THE DATA
--- START ---

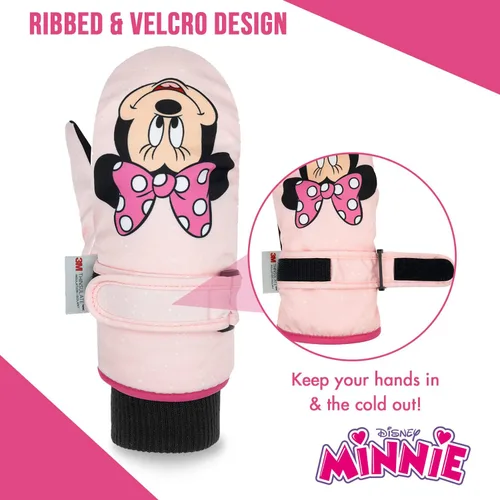 Miniatura 4 de Disney Guantes de Mickey Mouse para niños de 2 a 4 años, guantes impermeables para niños pequeños, guantes de nieve de Mickey para niños, guantes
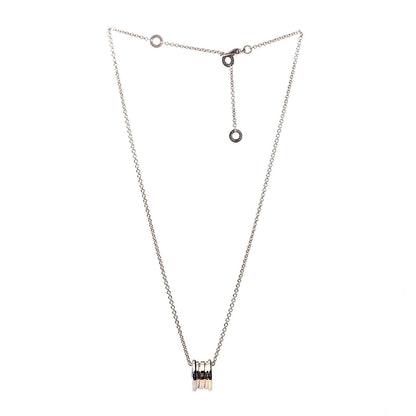 Bulgari 18K Rose White Yellow Gold B.Zero1 Pendant Necklace 3 of 7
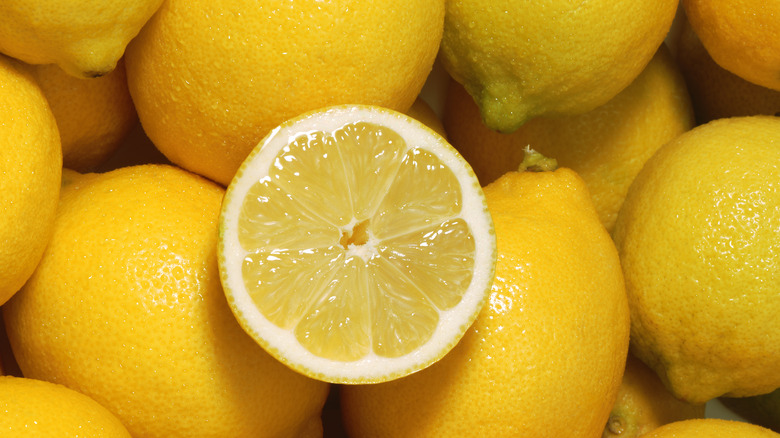 a pile of lemons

--- END ---

THE TASK
Transcribe exactly the portion of the material above that runs from the line containing "Bulgari 18K Rose" through its last line, omitting all pictures.

ANSWER AREA
 Bulgari 18K Rose White Yellow Gold B.Zero1 Pendant Necklace 3 of 7
 a pile of lemons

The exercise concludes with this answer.